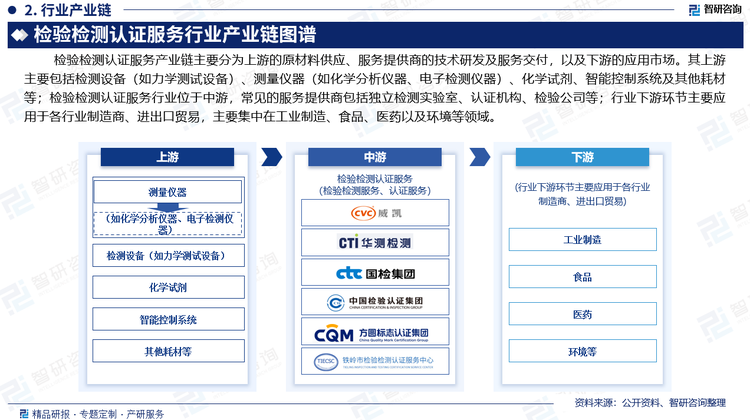 行业下游环节主要应用于各行业制造商、进出口贸易，主要集中在工业制造、食品、医药以及环境等领域。中国制造实现跨越式增长，产品产量领跑全球，2023年，中国工业增加值从1952年的120亿元增加到39.9万亿元，总体规模连续14年位居全球第一。2023年中国制造业企业500强营业收入总额和资产规模双双突破50万亿元大关，分别达到51.06万亿元、53.02万亿元。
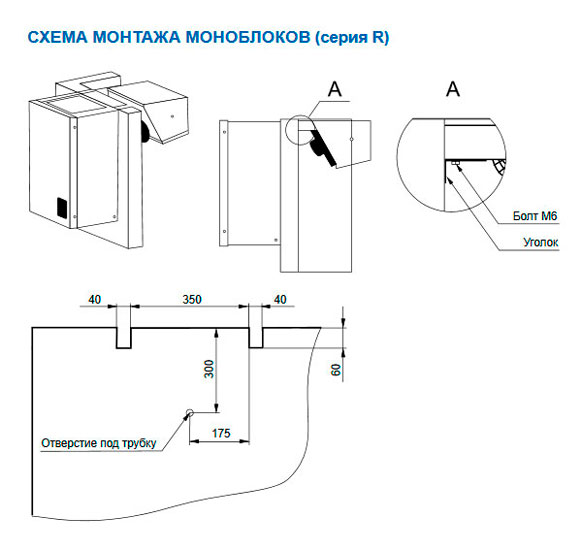 Среднетемпературный моноблок Polair MM232R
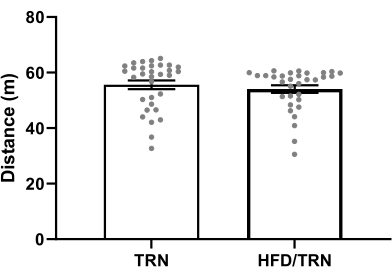 bar graph comparing distance traveled in TRN vs. HFD/TRN group; statistical data plotting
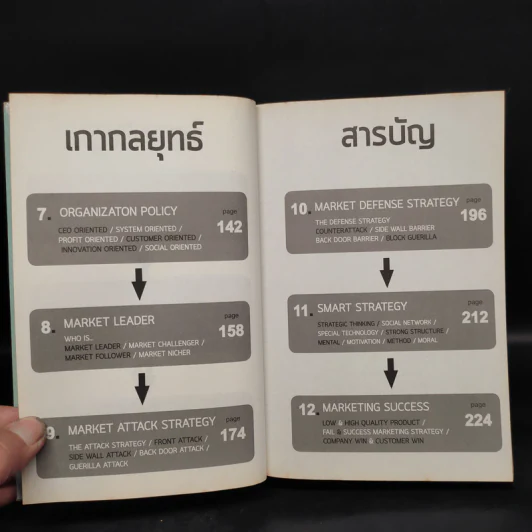 M&M iam Marketing Man หนังสือรวมเล่มฉบับพิเศษ เกากลยุทธ์+เกาจัดการ+เกาตลาด - Damrong Pinkoon รูปที่ 7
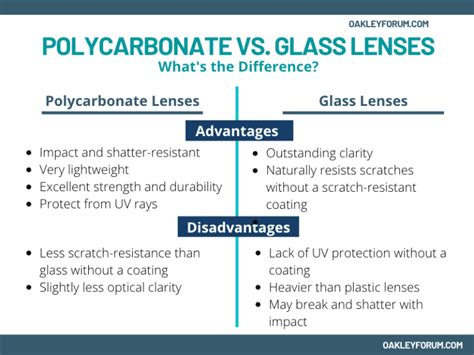 Polycarbonate Lenses Vs Glass Lenses Differences Explained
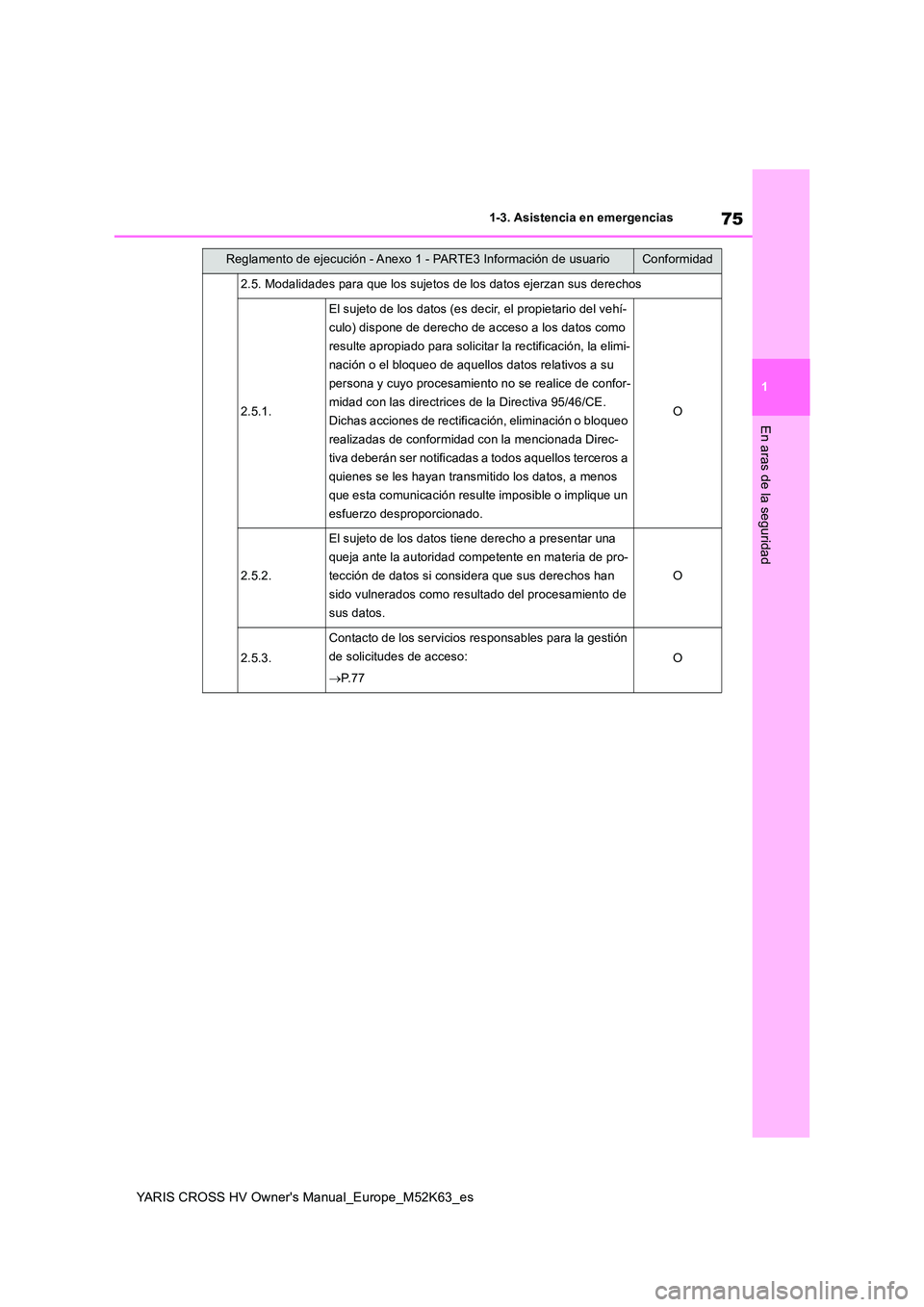 TOYOTA YARIS CROSS 2021  Manuale de Empleo (in Spanish) 75
1
YARIS CROSS HV Owner's Manual_Europe_M52K63_es
1-3. Asistencia en emergencias
En aras de la seguridad
2.5. Modalidades para que los sujetos de los datos ejerzan sus derechos
2.5.1.
El sujeto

######

Assigned task: Begin with the line containing "bar graph comparing" and end with the last line of the material above; return exactly those lines, both ends included, and omit all pictures.

Reply:
 bar graph comparing distance traveled in TRN vs. HFD/TRN group; statistical data plotting
 M&M iam Marketing Man หนังสือรวมเล่มฉบับพิเศษ เกากลยุทธ์+เกาจัดการ+เกาตลาด - Damrong Pinkoon รูปที่ 7
 Polycarbonate Lenses Vs Glass Lenses Differences Explained
 TOYOTA YARIS CROSS 2021  Manuale de Empleo (in Spanish) 75
1
YARIS CROSS HV Owner's Manual_Europe_M52K63_es
1-3. Asistencia en emergencias
En aras de la seguridad
2.5. Modalidades para que los sujetos de los datos ejerzan sus derechos
2.5.1.
El sujeto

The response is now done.